PMCID: PMC6275835 PMID: 30259696

Abstract

Background

VEGF plays a key role in tumor angiogenesis and immunosuppression. VEGF‐blocking has proven beneficial for EGFR mutant and wild‐type nonsquamous non‐small cell lung cancer (nonsq‐NSCLC); however, the number of cycles and treatment line yielding the optimal benefit are unknown.

Methods

We retrospectively analyzed the data of 115 patients with advanced/metastatic nonsq‐NSCLC administered at least one cycle of bevacizumab. The number of bevacizumab cycles was treated as a time‐dependent covariate. Predictors of overall survival (OS) were investigated.

Results

Bevacizumab was used as first‐line treatment in 47 (40.9%) patients, with a median of five cycles (range: 1–31). Eastern Cooperative Oncology Group performance status ≥ 2 (hazard ratio [HR] 4.78, 95% confidence interval [CI] 2.68–8.51; P < 0.001), wild‐type EGFR (HR 2.61, 95% CI 1.45–4.70; P = 0.001), and bleeding during bevacizumab treatment (HR 3.63, 95% CI 1.77–7.45; P < 0.001) were predictive of poor OS; the number of bevacizumab cycles and first‐line administration were not. In the wild‐type EGFR subgroup, the number of bevacizumab cycles (≥ 5 vs. 1–4) was associated with a significant OS benefit (HR 0.28, 95% CI 0.08–0.98; P = 0.044); first‐line administration also showed an OS benefit (HR 0.48, 95% CI 0.20–1.17; P = 0.105). A significant association between the number of cycles and EGFR status was identified (P = 0.046).

Conclusion

OS benefit is negatively affected by bleeding events in bevacizumab‐treated patients. Prolonged and early introduction of bevacizumab may provide an OS benefit for patients with wild‐type EGFR nonsq‐NSCLC.

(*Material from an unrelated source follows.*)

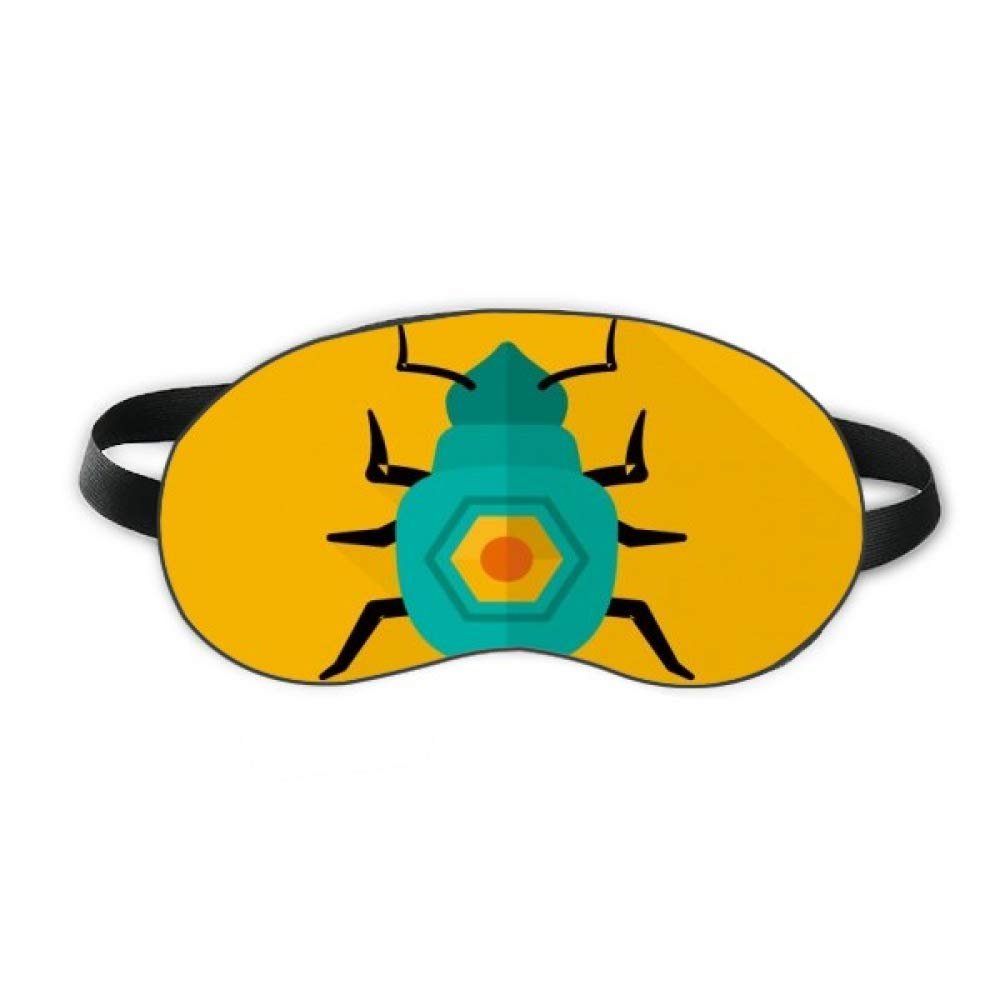 Ancient Egypt Pharaoh Golden Pattern Sleep Eye Shield Soft Night Blindfold Shade Cover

Keywords: Bevacizumab, EGFR, NSCLC, VEGF

Introduction

The manifold composition of stromal cells, immune cells, and molecular factors in the microenvironment of non‐small cell lung cancer (NSCLC) plays a significant role in supporting initiation, progression, and metastasis.1, 2, 3 VEGF, one of the crucial molecular factors stimulating angiogenesis and extracellular matrix remodeling, has been shown to take a central part in the development of a wide array of solid cancer types.1, 4, 5 Recently, with increasing knowledge of the effects of inducing inhibitory checkpoint proteins and of promoting the accumulation of myeloid‐derived suppressor and T‐regulatory cells in tumor milieu, the immunosuppressive property of VEGF has also been recognized.6, 7, 8

Given the involvement of VEGF in these common features of cancer, the VEFG‐blocking agent bevacizumab has shown clinical efficacy for most non‐squamous (nonsq)‐NSCLC patients, regardless of the presence or absence of an EGFR driving mutation.9, 10, 11 However, no unique biomarkers or specific clinical profiles of fair consensus have been identified to distinguish the subgroup of patients that can particularly benefit from the VEFG‐blocking agent. In the JO25567 trial comparing erlotinib plus bevacizumab to erlotinib alone, each clinical study subgroup showed a relative risk reduction; therefore treatment to subgroup interaction was not evaluable, although patients with malignant pericardial or pleural effusion appeared to attain some additional efficacy with the add‐on of bevacizumab.11

While using a combination of the VEFG‐blocking agent with either chemotherapy or an EGFR‐tyrosine kinase inhibitor (TKI) for the treatment of nonsq‐NSCLC is clinically evident, the treatment length and timing of administering such an agent are less well understood. In view of the angiogenic and immunosuppressive role that VEGF plays in the tumor microenvironment, a continuous VEGF‐blocking strategy may provide clinical benefit to patients. Previous studies have addressed this issue focusing on maintenance treatment12, 13, 14 or treatment beyond progression15 rather than dealing with the actual number of treatment cycles used. Nadler et al. retrospectively analyzed 403 patients receiving first‐line chemotherapy plus bevacizumab and reported that those who subsequently underwent bevacizumab maintenance until progression had significantly better overall survival (OS) and progression‐free survival (PFS) compared to those who did not.13 On the other hand, a randomized phase IIb trial conducted by Takeda et al. showed that administering bevacizumab treatment beyond progression yielded a PFS benefit and also a trend of OS benefit, suggesting the possible prognostic advantage of keeping VEGF inhibited.15 Despite differences in the populations between the two studies, a similar benefit of continuous VEGF‐blocking was noted, which thereby raises the question of the number of bevacizumab treatment cycles that would provide most benefit.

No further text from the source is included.